Ticks and the diseases they carry are on the rise. One 2016 study found deer ticks—the species that carries Lyme disease—in more than half of the counties in the United States.

The two most common tick-borne illnesses in the U.S. are Lyme disease and southern tick-associated rash illness (STARI). Although their initial symptoms can be the same, they’re caused by different pathogens; Lyme disease comes from infection with the bacterium Borrelia burgdorferi. We don’t know what causes STARI.

"It is extremely important to be able to tell a patient they have Lyme disease as early as possible so they can be treated as quickly as possible," microbiologist and first author Claudia Molins of the CDC said in a statement. "Most Lyme disease infections are successfully treated with a two- to three-week course of oral antibiotics." Infections that aren't treated can lead to fevers, facial paralysis, heart palpitations, nerve pain, arthritis, short-term memory loss, and inflammation of the brain and spinal cord.

But to date, scientists have yet to create an accurate, consistent early test for Lyme disease, which means people must often wait until they’re very ill. And it’s hard to test for the STARI pathogen when we don’t know what it is.

One team of researchers led by experts at Colorado State University was determined to find a better way. They realized that, rather than looking for pathogens, they could look at the way a person’s body responded to the pathogens.

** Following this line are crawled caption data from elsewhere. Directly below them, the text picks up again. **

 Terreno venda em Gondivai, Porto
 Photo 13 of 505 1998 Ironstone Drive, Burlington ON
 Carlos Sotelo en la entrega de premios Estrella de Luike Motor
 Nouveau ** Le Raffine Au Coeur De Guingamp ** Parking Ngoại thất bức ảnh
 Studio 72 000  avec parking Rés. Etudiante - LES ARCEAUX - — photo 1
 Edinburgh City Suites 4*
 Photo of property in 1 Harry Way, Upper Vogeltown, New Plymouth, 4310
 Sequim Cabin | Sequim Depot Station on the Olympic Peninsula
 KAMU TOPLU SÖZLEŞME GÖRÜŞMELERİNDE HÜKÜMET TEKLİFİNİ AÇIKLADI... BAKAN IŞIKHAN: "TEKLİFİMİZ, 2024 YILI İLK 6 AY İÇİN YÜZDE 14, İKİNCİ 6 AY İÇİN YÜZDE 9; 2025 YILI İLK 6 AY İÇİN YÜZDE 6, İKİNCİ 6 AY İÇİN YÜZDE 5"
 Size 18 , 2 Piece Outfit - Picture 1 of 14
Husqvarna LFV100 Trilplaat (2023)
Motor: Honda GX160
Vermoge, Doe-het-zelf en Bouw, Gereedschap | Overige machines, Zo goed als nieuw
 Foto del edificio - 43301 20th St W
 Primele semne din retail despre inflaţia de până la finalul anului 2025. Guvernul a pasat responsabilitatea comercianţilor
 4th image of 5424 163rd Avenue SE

They analyzed blood samples from patients with both early-stage Lyme disease and STARI. Their results showed that while all patients’ immune systems had mounted a response, the nature of that response was different.

"We have found that all of these infections and diseases are associated with an inflammatory response, but the alteration of the immune response, and the metabolic profiles aren't all the same," senior author John Belisle of CSU said.

Two distinct profiles emerged. The team had found physical evidence, or biomarkers, for each illness: a way to tell one disease from another.

Belisle notes that there’s still plenty of work to do.

"The focus of our efforts is to develop a test that has a much greater sensitivity, and maintains that same level of specificity," Belisle said. "We don't want people to receive unnecessary treatment if they don't have Lyme disease, but we want to identify those who have the disease as quickly as possible."